◆ What you will do ◆
Look through the records, and wherever the string "with" turns up, copy out that line.

──────────────────────────────

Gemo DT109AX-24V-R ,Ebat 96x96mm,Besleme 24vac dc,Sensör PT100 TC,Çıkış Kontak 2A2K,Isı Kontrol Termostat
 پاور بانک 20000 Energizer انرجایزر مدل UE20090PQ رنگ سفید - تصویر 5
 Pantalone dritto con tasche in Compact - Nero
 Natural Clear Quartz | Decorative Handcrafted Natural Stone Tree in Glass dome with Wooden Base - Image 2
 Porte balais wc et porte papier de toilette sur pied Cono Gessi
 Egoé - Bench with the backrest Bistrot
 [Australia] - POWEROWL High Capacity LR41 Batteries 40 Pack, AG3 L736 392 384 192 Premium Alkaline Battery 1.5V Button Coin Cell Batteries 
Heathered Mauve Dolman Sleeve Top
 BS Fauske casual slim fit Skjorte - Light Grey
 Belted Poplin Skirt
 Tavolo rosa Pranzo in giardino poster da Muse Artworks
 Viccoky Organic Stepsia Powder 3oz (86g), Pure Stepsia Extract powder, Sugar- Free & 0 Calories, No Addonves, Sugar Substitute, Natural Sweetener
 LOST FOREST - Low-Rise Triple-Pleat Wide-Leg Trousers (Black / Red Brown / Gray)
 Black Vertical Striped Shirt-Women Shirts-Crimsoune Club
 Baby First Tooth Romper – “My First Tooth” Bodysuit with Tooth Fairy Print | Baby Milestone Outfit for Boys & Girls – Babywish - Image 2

──────────────────────────────

◆ Exercise result ◆
 Natural Clear Quartz | Decorative Handcrafted Natural Stone Tree in Glass dome with Wooden Base - Image 2
 Egoé - Bench with the backrest Bistrot
 Baby First Tooth Romper – “My First Tooth” Bodysuit with Tooth Fairy Print | Baby Milestone Outfit for Boys & Girls – Babywish - Image 2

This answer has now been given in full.